On monotone sequences of directed flips, triangulations of polyhedra, and structural properties of a directed flip graph
- Si, Hang
2010 Mathematics Subject Classification
- 65D18 68U05 65M50
- weighted Delaunay triangulations, non-regular triangulations, Lawson's flip algorithm, directed flips, monotone sequence, flip graph, Higher Stasheff-Tamari poset, redundant interior vertices, Schönhardt polyhedron, Steiner points
This paper studied the geometric and combinatorial aspects of the classical Lawson's flip algorithm [21, 22]. Let A be a finite point set in R^2 and ω : A → R be a height function which lifts the vertices of A into R^3. Every flip in triangulations of A can be assigned a direction [6, Definition 6.1.1]. A sequence of directed flips is monotone if all its flips follow the same direction.
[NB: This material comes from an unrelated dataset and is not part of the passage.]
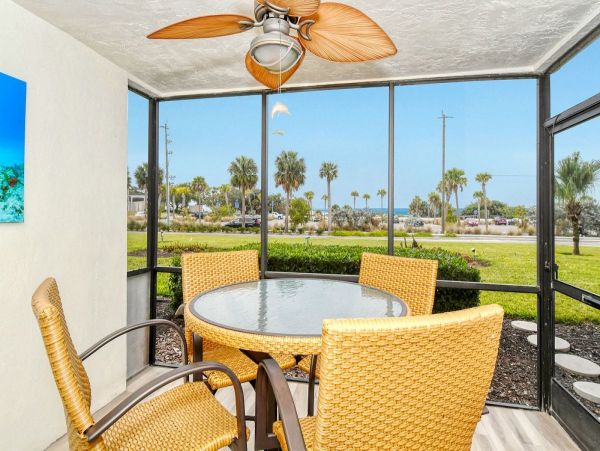 Siesta Key Vacation Rental Near Beach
We first established a relatively obvious relation between monotone sequences of directed flips on triangulations of A and triangulations of the lifted point set A^ω in R^3. We then studied the structural properties of a directed flip graph (a poset) on the set of all triangulations of A. We proved several general properties of this poset which clearly explain when Lawson's algorithm works and why it may fail in general. We further characterised the triangulations which cause failure of Lawson's algorithm, and showed that they must contain redundant interior vertices which are not removable by directed flips. A special case of this result in 3d has been shown in . As an application, we described a simple algorithm to triangulate a special class of 3d non-convex polyhedra without using additional vertices. We prove sufficient conditions for the termination of this algorithm, and show it runs in O(n^3) time, where $n$ is the number of input vertices.